Monthly Archives: December 2008
M-learning was a trend based on the the rise of handy, Net-enabled mobile phones. It was considered to be the most popular, most promising blending learning methodology as the portability of the device helped reinforce learning in ways that classroom teaching could not. 2008 was heralded as the year of m-learning in e-learning circles.
However, in the most popular technology article for 2008 in TrainingZone.co.uk, m-learning was proving to be elusive as people didn’t know how to maximize the use of these devices. So what is the trend at this time? Find out more by visiting the article’s site.
Now that I’ve finally been caught in the web-within-the-web social network of Facebook , tried poring over the applications if there’s anything on e-learning. A quick scan shows FB applications such as Study Groups (whose developers look like teenyboppers to me!) ,created by the members themselves.
Then there’s Teach the People. As reported by Crunch Base, the application lets anyone with specific subject knowledge or a useful skill set share it by setting up a Teach the People learning communities with 1gig of free storage. So if you have a burning question on a topic of interest, you can inquire from the bigger virtual community. With people coming from different countries, backgrounds and influences but brought together by a passion for a single cause, diversity should breed innovation and real learning.
But as an FB user for less than 45 days, I feel that FB works best if you leverage the power of the exisiting, face-to-face network and continue the conversation thru FB. There are definitely a thousand and one tools to enrich conversations, engage learning with those cute applications, personalize the experience with so many synchronous communication tools. It would be a challenge for the online community developer to try to elicit conversation between members with weak links/social ties to engage them to interact, or if they are from different cultures and countries!

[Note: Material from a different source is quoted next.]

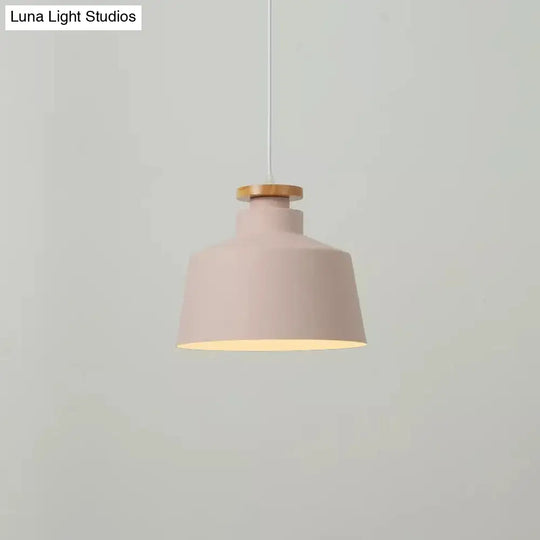 Sleek 1-Light Modernist Drop Lamp With Barrel Wood Suspension And Metal Shade Pink / B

The FB experience thrives on nostalgia and memory-flooding, as evidenced by the flashbacking exchanges of alumni members. What keeps them hooked is the surprise element of finding someone you haven’t seen in 20 years, then reliving memories. It’s definitely addictive at times, but sometimes to the point of being irritating if people feel comfy enough to send you unsolicited information, poke you virtually, or invite you to some cause of theirs in the middle of trying to nudge some learning in the process.
Teach the People already received a cool USD25,000 for being one of the top 25 finalists, besting 600 other applications developers.